> _Exercise instructions_:
Since the pictures are not wanted, retype the listing below exactly and without them.

> _Stored data_:

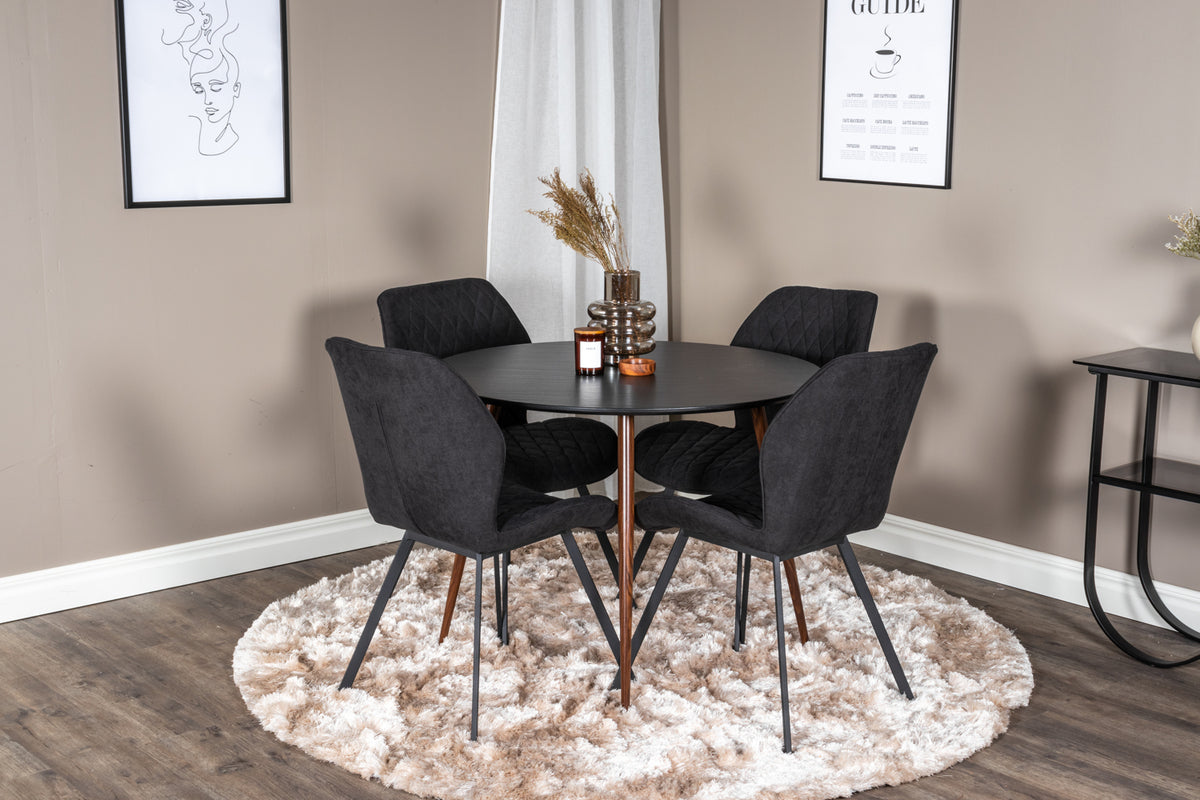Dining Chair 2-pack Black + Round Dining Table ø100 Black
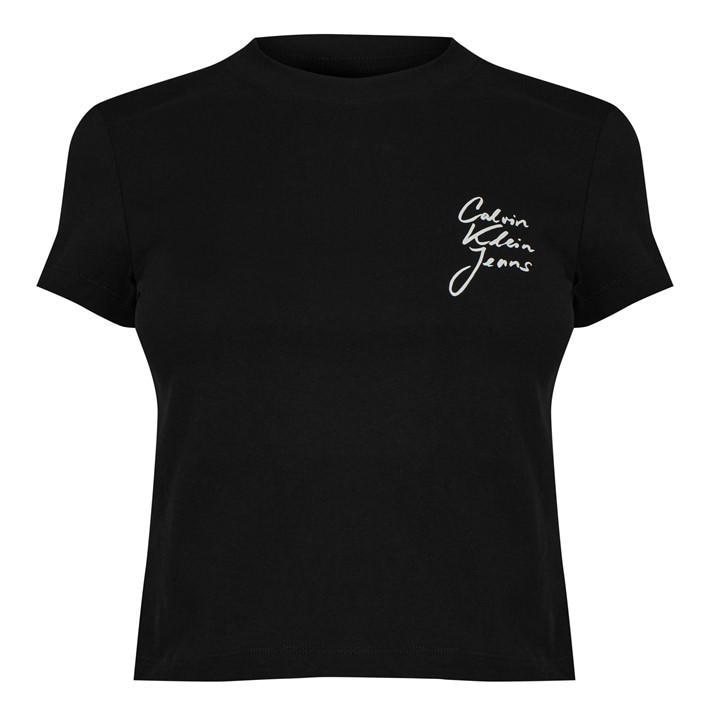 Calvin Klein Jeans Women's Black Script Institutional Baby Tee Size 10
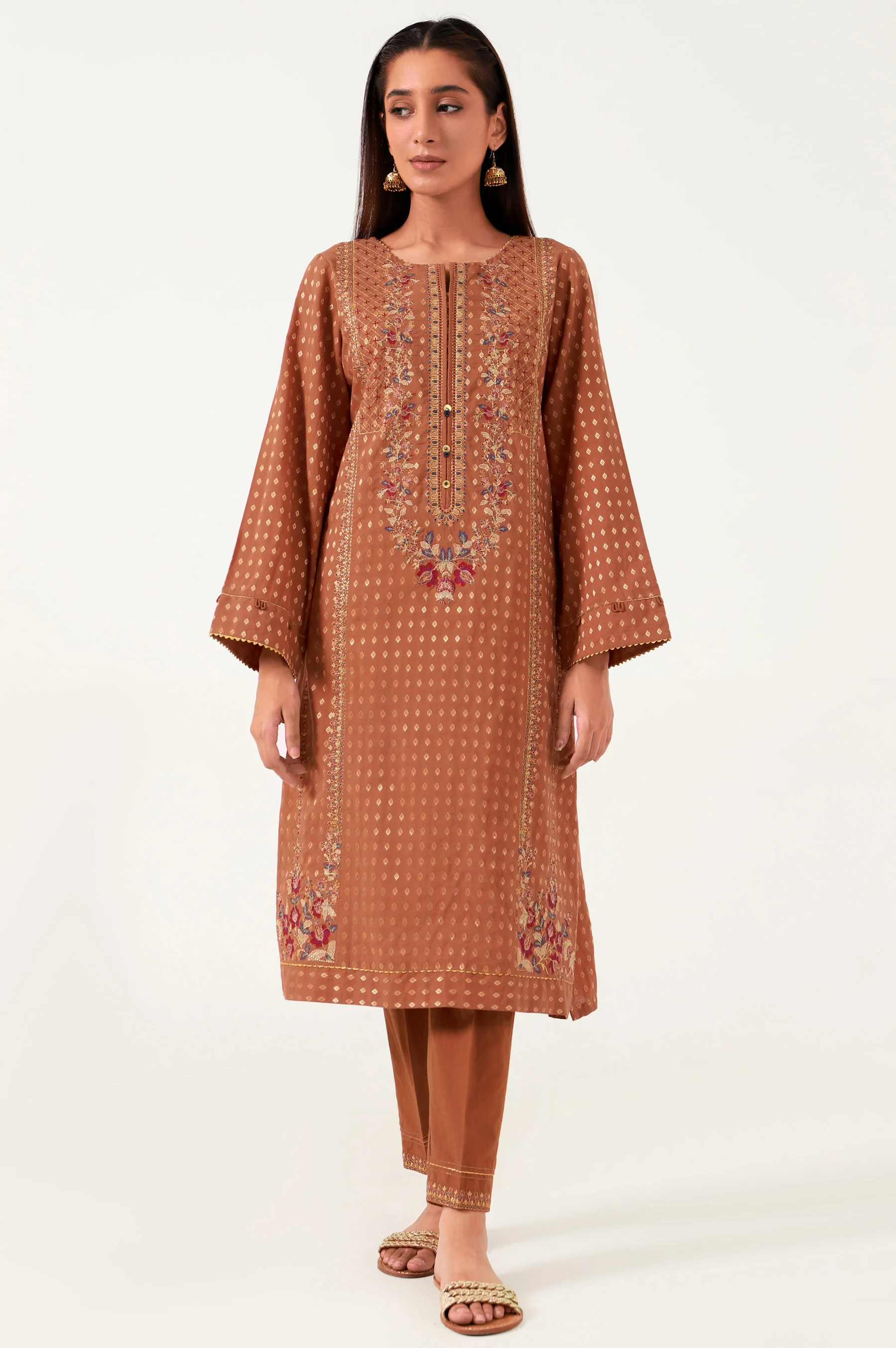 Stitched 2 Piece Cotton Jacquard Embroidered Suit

> _Written answer_:
Dining Chair 2-pack Black + Round Dining Table ø100 Black
 Calvin Klein Jeans Women's Black Script Institutional Baby Tee Size 10
 Stitched 2 Piece Cotton Jacquard Embroidered Suit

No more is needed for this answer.